> **Exercise aim**: Within the listing below, the lines to output run from the one containing "Black Kitchen Sideboard" through the one containing "Zip shirt with"; copy them exactly and nothing else.

---

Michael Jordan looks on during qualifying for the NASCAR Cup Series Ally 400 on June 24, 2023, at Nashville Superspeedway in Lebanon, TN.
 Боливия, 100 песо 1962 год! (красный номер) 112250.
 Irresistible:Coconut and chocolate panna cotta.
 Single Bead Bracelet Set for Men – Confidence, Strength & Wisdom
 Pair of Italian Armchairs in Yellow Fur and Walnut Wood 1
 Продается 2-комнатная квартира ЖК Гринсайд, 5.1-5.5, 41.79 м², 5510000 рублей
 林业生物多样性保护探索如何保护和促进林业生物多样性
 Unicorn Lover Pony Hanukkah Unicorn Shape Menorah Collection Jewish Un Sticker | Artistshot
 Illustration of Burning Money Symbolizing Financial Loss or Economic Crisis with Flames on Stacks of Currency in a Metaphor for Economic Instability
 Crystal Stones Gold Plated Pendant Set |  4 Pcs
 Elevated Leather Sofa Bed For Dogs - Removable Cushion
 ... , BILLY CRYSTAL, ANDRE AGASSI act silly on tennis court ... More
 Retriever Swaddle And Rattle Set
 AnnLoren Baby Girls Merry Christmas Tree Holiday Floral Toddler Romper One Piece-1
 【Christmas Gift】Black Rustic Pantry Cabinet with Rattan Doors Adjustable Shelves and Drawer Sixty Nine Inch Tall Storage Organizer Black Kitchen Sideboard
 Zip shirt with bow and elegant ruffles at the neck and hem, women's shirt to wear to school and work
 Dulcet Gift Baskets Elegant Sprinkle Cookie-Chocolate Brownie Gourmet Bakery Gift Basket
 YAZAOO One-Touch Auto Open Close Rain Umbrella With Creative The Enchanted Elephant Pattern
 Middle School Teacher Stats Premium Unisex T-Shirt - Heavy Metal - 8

---

> **Written reply**:
 【Christmas Gift】Black Rustic Pantry Cabinet with Rattan Doors Adjustable Shelves and Drawer Sixty Nine Inch Tall Storage Organizer Black Kitchen Sideboard
 Zip shirt with bow and elegant ruffles at the neck and hem, women's shirt to wear to school and work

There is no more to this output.